====== DATA SEGMENT
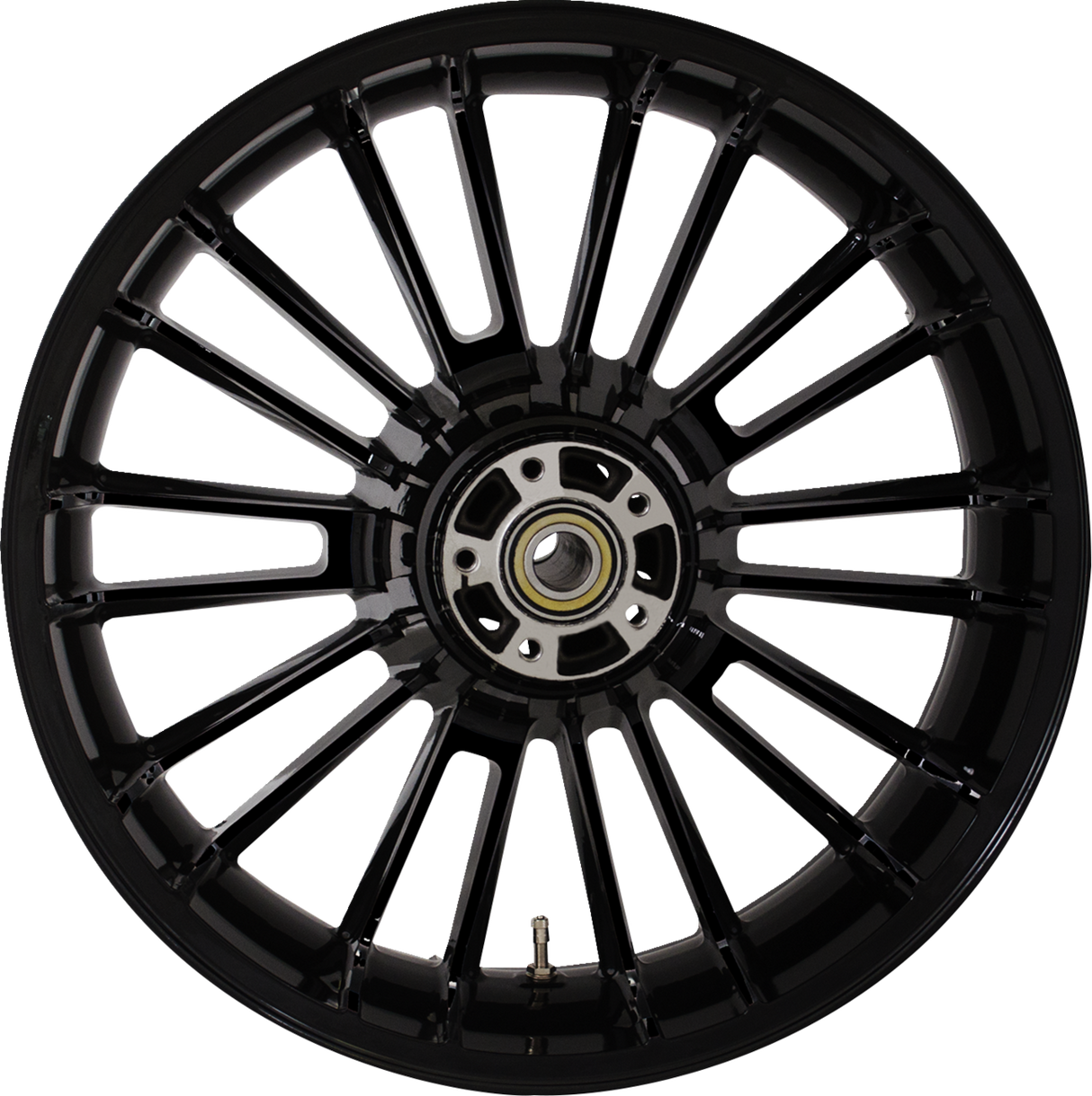 COASTAL MOTO Rear Wheel - Atlantic 3D - Single Disc/ABS - Black - 18"x5.50" 3D-ATL185SBABST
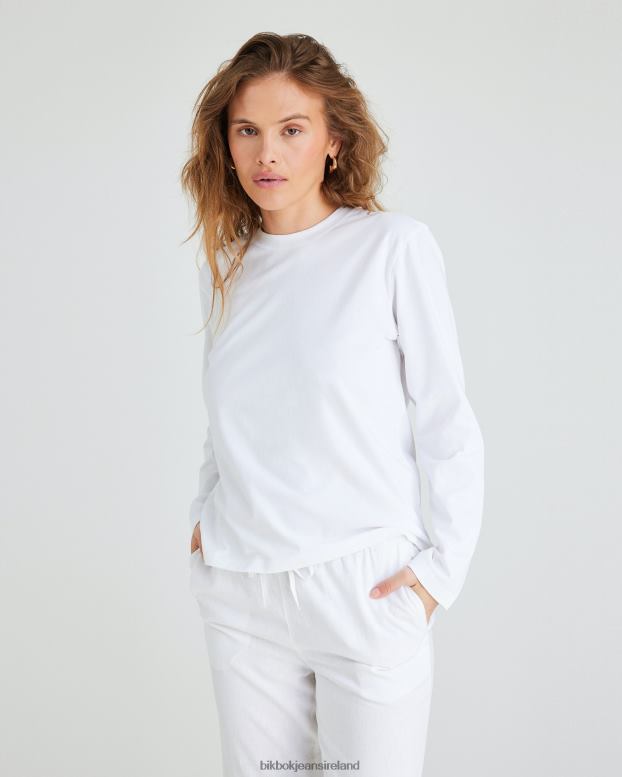 Bik Bok TL Basic Longsleeve White Clothing 82288174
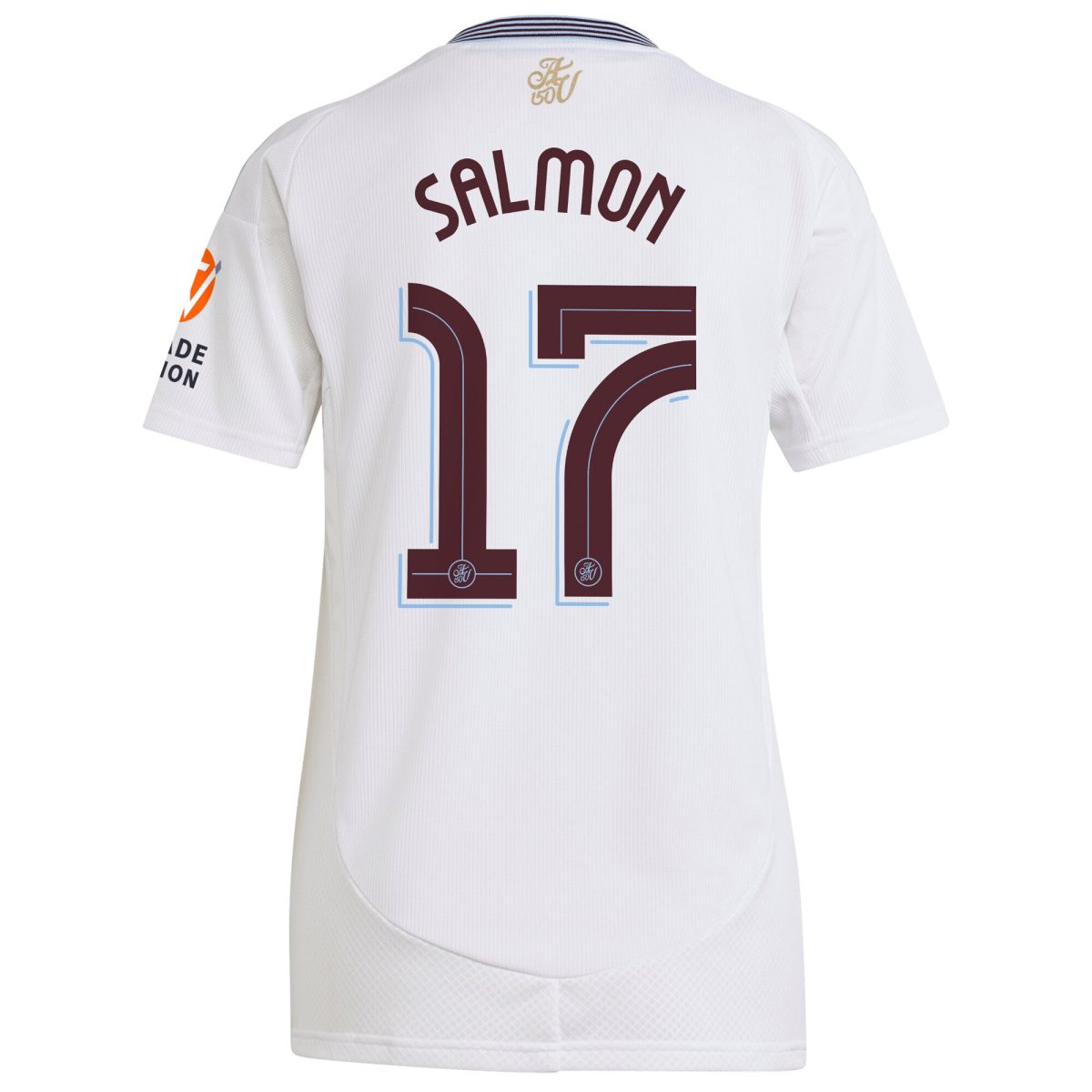 aston villa adidas away shirt 2024-25 – womens with salmon 17 cup printing Collection | Authentic Aston Villa Shirts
============
→ EXERCISE GOAL
Every line above should be repeated exactly; pictures stay out of the copy.

→ RESPONSE
 COASTAL MOTO Rear Wheel - Atlantic 3D - Single Disc/ABS - Black - 18"x5.50" 3D-ATL185SBABST
 Bik Bok TL Basic Longsleeve White Clothing 82288174
 aston villa adidas away shirt 2024-25 – womens with salmon 17 cup printing Collection | Authentic Aston Villa Shirts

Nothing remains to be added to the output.